This isn’t just an incredibly inaccurate representation of the dedication and hard work of eng/ops everywhere in the computer industry, I know for a fact it’s also inaccurate in what regards to Facebook itself. I imagine Facebook engineers (and that of any other website really) reading this article, thinking about the times they’ve been woken up in the middle of the night to solve problems that no one has ever faced before, for which no one has trained them, because no university course and no amount of research prepares you for the challenges of running a service at high scale, and having to solve all that as fast as possible, regardless of whether it’s about making sure that someone can run their business, do their taxes, or that a kid halfway around the world can upload their video of a cat playing the piano.

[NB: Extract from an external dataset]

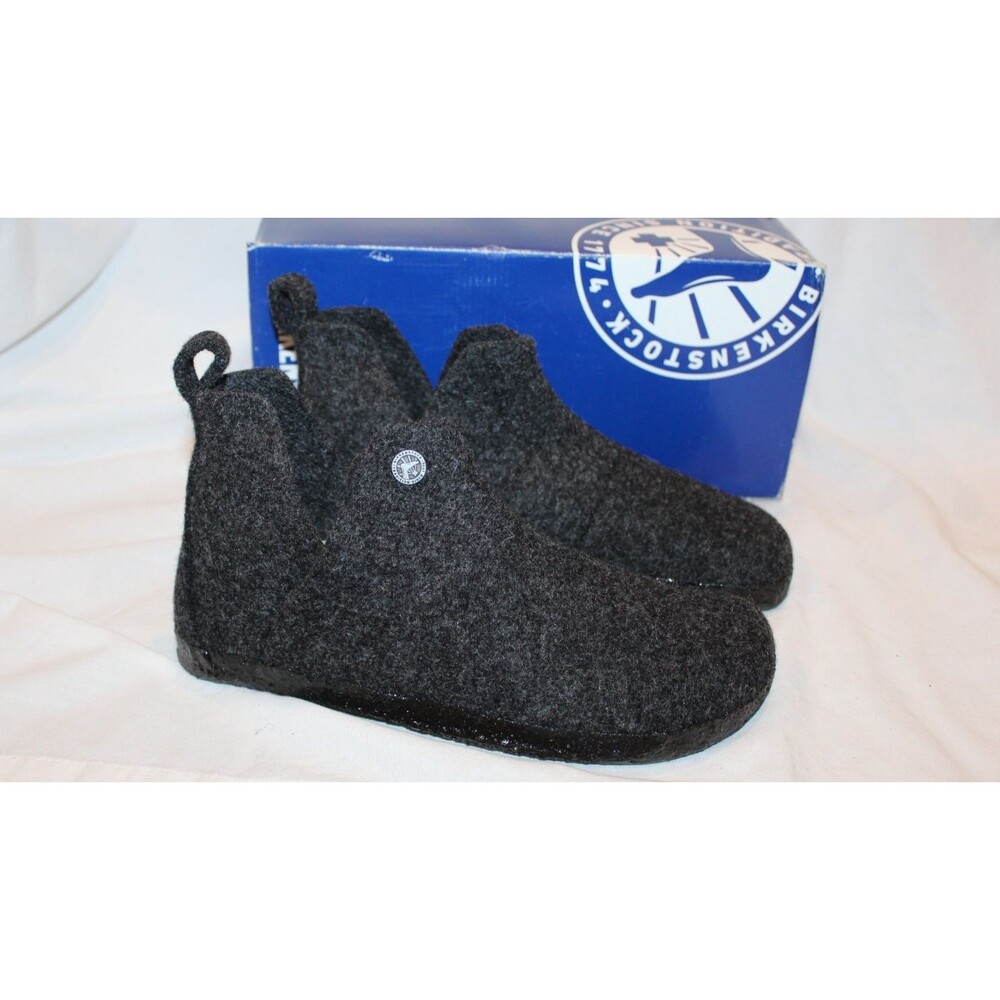 Birkenstock Women''s Andermatt Shearling Wool Felt Slipper Boot Gray EU 40 NAR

Before I continue, let me say that, even if I am (clearly) a bit miffed, I respect the efforts of the reporter, even with the inadequate sources that the story quotes, and there is an important story here but it’s not the one he focused on. The question is not that there’s inefficiency, or rather, under-utilization of power. There’s some but not as much (the main figure the article quotes is that data centers, or DCs for short run at 6-12% utilization is just completely made up by consultants and I can’t possibly imagine how they arrived at it).

The question is why.

Sure, there’s some inefficiency. But why? There are many reasons, but before I get to them, let me spend some time on the problems in the article itself beyond this central issue.

The problems in the article

Let me go through the biggest issues in the article and debunk them. To begin:

Energy efficiency varies widely from company to company. But at the request of The Times, the consulting firm McKinsey & Company analyzed energy use by data centers and found that, on average, they were using only 6 percent to 12 percent of the electricity powering their servers to perform computations. The rest was essentially used to keep servers idling and ready in case of a surge in activity that could slow or crash their operations.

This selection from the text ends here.